A second thing to notice about the graph is that both lines have gone down in the last few months. In other words, fewer people think that they'll need to find $2,000 in a hurry. But fewer people think they'll be able to do so if the issue were to come up. We can see that the orange line, which tracks whether they could come up with $2,000, has been declining (albeit with fits and starts) since the start of 2020.
I asked you to change these plots in two ways, to see if they became clearer. One was to break these two lines into two separate plots. We can do that by passing subplots=True
to plot.line
:
(
overall_df
[['ChanceNeed', 'ChanceComeUp']]
.plot.line(subplots=True)
)
The result:

The two plots share an x axis, but have separate and different y axes.
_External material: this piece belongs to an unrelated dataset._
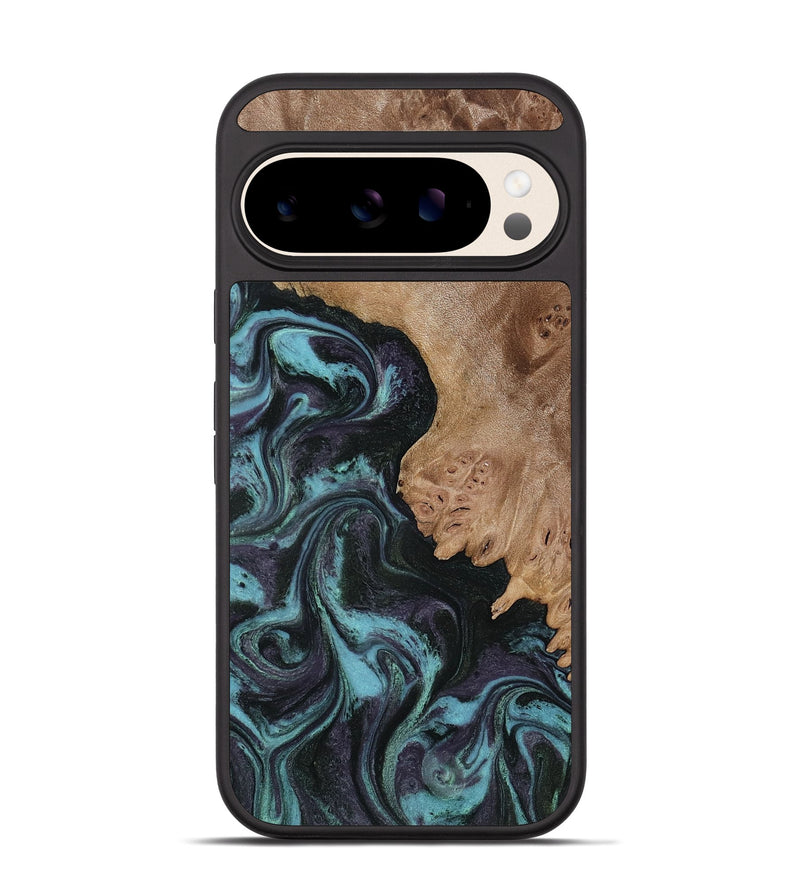Pixel 10 Wood Phone Case - Adda (Green, 818545)
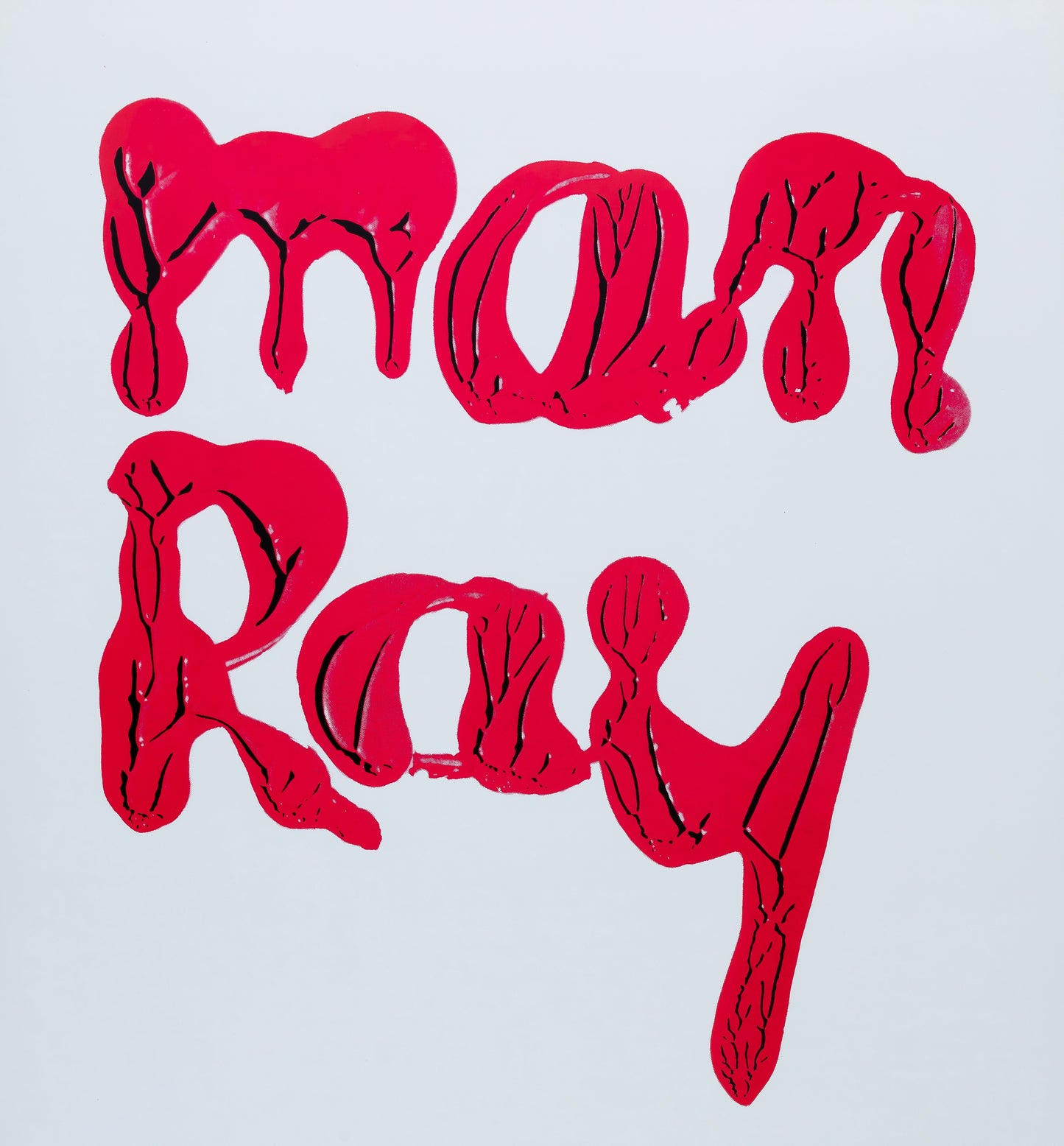 MAN RAY : Rétrospective - Affiche originale en couleurs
While this makes it easier to compare changes, and when they happened, the fact that the y axes are completely different makes this less useful to me.
I can force the y axis to be 0-100, rather than automatically calculated, by passing the ylim
keyword argument and a tuple of minimum and maximum values:
(
overall_df
[['ChanceNeed', 'ChanceComeUp']]
.plot.line(ylim=(0, 100))
)
The result:

While it shows the gap between each line and the 100 percent mark at the top, which can be useful, the fact that each line had to shrink in order to accommodate the full 0-100 y axis makes it less compelling to me.